[Coral-List] How long can corals survive without theirsymbiotic zooxanthellae?

Julian Sprung julian at twolittlefishies.com
Sun Jan 9 15:32:36 EST 2005


I think it is important when answering this question, as Josh did, to point out the cause of the loss of zooxanthellae. Since high temp was the stimulus in the experiment with P. damicornis, and it is known that at elevated temp P. damicornis may die rapidly as a reult of a Vibrio infection, then the cause of death cannot specifically be blamed on lack of symbionts unless Vibrio had been ruled out.

I have seen bleached shaded colonies of P. damicornis in aquaria survive great lengths of time with few if any zoox's. The same is true for shaded portions of colonies that have zoox's in the upper illuminated branches, but that probably doesn't count.

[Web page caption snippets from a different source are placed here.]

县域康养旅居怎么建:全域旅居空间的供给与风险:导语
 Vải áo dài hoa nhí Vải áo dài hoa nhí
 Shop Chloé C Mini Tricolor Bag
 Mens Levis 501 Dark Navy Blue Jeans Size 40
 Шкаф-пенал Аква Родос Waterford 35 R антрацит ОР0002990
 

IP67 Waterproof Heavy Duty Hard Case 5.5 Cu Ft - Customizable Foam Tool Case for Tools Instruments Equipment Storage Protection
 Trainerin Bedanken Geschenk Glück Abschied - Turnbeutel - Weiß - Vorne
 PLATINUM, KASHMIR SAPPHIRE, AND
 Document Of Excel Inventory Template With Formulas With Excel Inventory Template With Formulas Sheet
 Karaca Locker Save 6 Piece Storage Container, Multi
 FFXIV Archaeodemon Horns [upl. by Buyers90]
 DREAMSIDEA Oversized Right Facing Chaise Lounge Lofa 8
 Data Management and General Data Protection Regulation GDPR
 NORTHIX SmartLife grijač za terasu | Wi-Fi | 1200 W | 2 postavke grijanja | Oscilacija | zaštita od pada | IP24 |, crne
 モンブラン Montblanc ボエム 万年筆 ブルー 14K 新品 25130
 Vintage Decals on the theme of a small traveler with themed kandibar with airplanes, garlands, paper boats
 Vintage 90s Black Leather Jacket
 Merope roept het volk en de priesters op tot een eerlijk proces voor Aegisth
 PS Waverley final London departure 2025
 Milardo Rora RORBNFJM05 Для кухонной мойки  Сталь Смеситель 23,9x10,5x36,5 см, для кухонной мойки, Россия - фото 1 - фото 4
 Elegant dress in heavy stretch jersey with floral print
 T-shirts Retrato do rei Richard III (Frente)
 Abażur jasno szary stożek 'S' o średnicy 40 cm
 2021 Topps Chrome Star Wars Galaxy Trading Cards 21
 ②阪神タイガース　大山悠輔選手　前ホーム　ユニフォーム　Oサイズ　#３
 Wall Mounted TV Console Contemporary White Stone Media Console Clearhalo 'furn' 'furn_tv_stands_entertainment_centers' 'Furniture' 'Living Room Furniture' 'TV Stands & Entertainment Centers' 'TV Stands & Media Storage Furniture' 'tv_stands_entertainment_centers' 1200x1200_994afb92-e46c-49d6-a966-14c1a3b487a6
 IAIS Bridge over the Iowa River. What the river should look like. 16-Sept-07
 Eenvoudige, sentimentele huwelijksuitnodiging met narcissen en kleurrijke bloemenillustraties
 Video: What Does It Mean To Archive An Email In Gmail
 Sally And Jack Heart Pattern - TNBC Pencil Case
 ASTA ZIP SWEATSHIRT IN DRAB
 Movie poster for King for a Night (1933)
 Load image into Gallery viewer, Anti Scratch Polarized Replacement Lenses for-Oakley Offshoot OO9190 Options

My opinion on the question posed- while it may vary among species or genera, and there may well be exceptions, I believe that with sufficient food most corals can survive many months or indefinitely without symbionts. This can be demonstrated in temperature controlled flow through aquariums with no illumination and high food inputs (the water flushing removes waste and maintains water chemistry). 

While I cannot comment on the effects on growth, the survival is the question posed.

Sincerely,

Julian


-----Original Message-----
From: coral-list-bounces at coral.aoml.noaa.gov on behalf of Joshua Feingold
Sent: Sat 1/8/2005 10:31 AM
To: John P Carlin; coral-list at coral.aoml.noaa.gov
Subject: Re: [Coral-List] How long can corals survive without theirsymbiotic zooxanthellae?
 
Hi John,

I did some work on this for my dissertation, and survival is variable 
depending on the species and type of stress. Also, it is important to 
understand that, nearly invariably, bleached corals possess at least some 
zooxanthellae. The population size isn't enough to see pigment in the coral 
with the naked eye, but they are there in the tissues, but at very low levels.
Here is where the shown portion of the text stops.